Perhaps most unlikely, luckless Lady Edith was finally wed—to an exceedingly decent, well-born man, no less.

“They'll be happy enough,” snarked Violet about the Edith-Bertie nuptials. “Which is the English version of a happy ending.”

Of course, what was a finale for us here in the States March 6 occurred at Christmas time across the Atlantic. Here’s what the Daily Mail had to say about the finale in late December: “And they all lived happily ever after – even Edith! Downton Abbey saw enough syrupy sentimentality to make even the most ardent fan gag... but with a Christmas finalé, how else could it end?”

The series actually ends not on Christmas, but on New Year’s Eve, everyone toasting the new year—and what’s a new era for the Crawley clan and Britain’s upper crust in general. The Crawleys hit the pending year on a bit of downscale slide: Amidst his budding bromance with Tom, Mary’s husband Henry has opened what appears to be a cross between a used car lot and a mechanic’s shop. The family swaps out the prideful Carson—beloved, stone-faced emblem of the era—for slippery malcontent Thomas. And it’s suddenly harder to staff Downton than it is your local Blimpie’s.

It all felt very wonderfully British to me, though the New York Times saw fit to call the finale “an American happy ending”:

Haven’t we loved these foolish Granthams with all the fervor of their countrymen? Don’t we have the operational tear ducts to prove it? And when that Scottish songstress Mrs. H launched into Bobby Burns’s old lyric “Auld Lang Syne,” didn’t we ache at the thought of leaving behind these silly, maddening, wonderful people?

Downton Abbey and its residents were no more real than Middle-earth and, in the end, how little that mattered. We asked them into our homes, and when their time was done, we sent them on their way.

The Globe’s Gilbert imagined an alternative ending, one far darker and “more akin to Thomas Hardy than Austen":

Edith would have continued to feel disgrace and alienation, living out her life as a symbol of how unkind history could be to women. The servants would have lost their jobs, with Daisy forced to sell flowers and apples — or worse — on the streets. Robert would have demanded that Cora stop working at the hospital, and she would have obeyed.

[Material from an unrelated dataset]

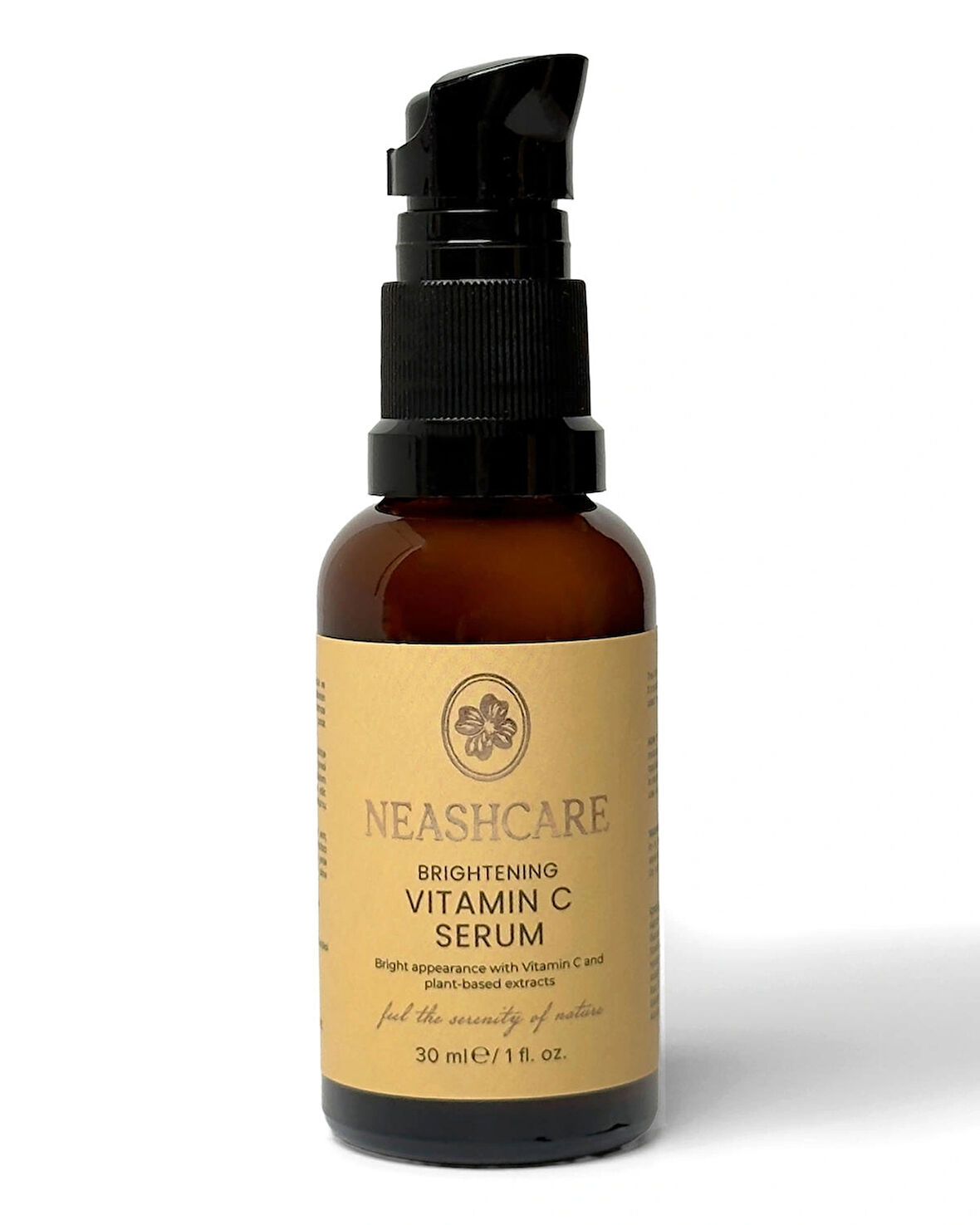 Aydınlatıcı ve Leke Görünümünü Azaltıcı C Vitamini + Arbutin Serum 30 ml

But Fellowes went for optimism, focusing on the positive developments of the era. He gave us all sweet dreams, and I can’t deny that I enjoyed every minute of it.

Hey, I did too. This bundle of unbridled happiness—not unlike Baby Boy Bates—was an appropriate Christmas gift for viewers in the U.K. Here in the States, we’re stuck in the winter doldrums, between holidays, so the satisfying wrap-up to a masterpiece series, treacly as it may have been, was a welcome treat as well.